* **THE DATA**
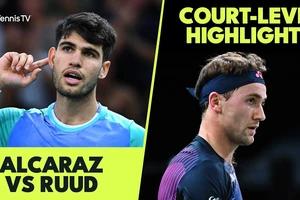 Carlos Alcaraz vs Casper Ruud 1-6, 5-7: Sau 1 giờ 25 phút, Alcaraz bất ngờ gục ngã trước Ruud trong ngày ra quân ATP Finals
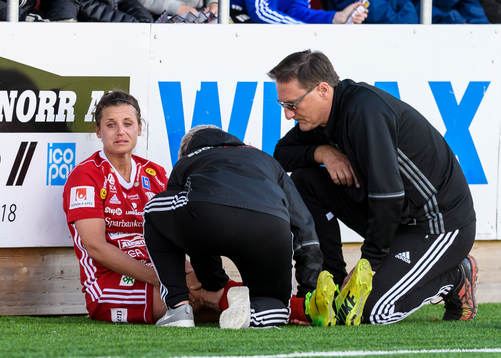Piteås Hanna Pettersson grinar illa efter att ha blivit skadad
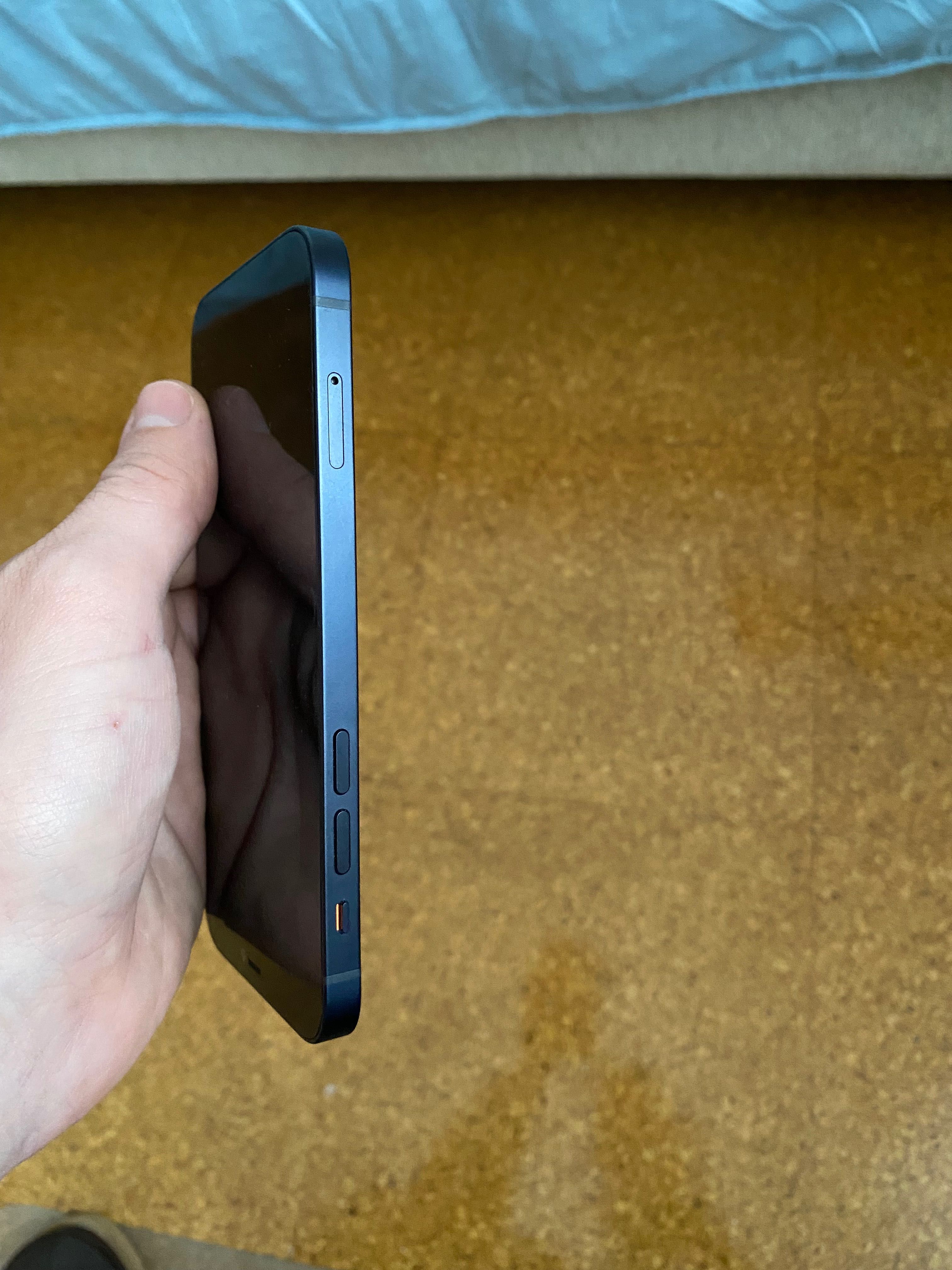 iPhone 12 64GB preto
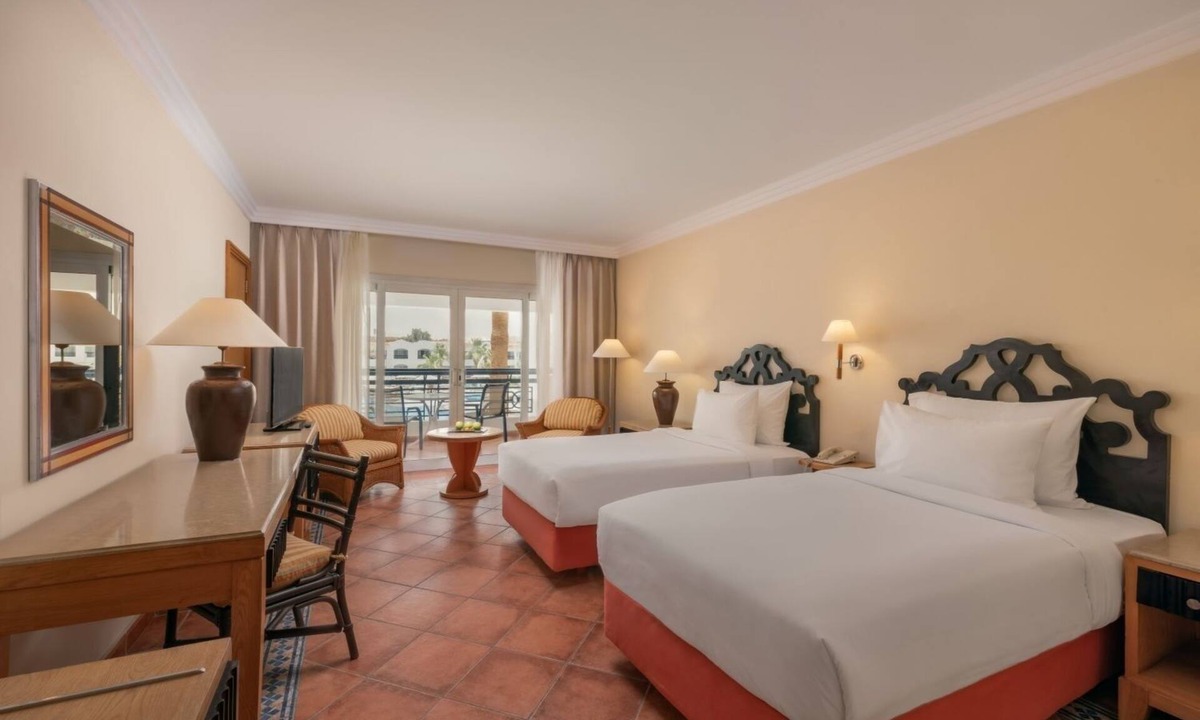 Sharm El Sheikh Resort | Family-Friendly 5-Star Stay with Pools, Spa & Private Beach Access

* **ASSIGNMENT**
Keeping both end lines, retype exactly the lines from the first line of the material through the line that contains "iPhone 12 64GB preto", but not the pictures.

* **ANSWER SECTION**
 Carlos Alcaraz vs Casper Ruud 1-6, 5-7: Sau 1 giờ 25 phút, Alcaraz bất ngờ gục ngã trước Ruud trong ngày ra quân ATP Finals
Piteås Hanna Pettersson grinar illa efter att ha blivit skadad
 iPhone 12 64GB preto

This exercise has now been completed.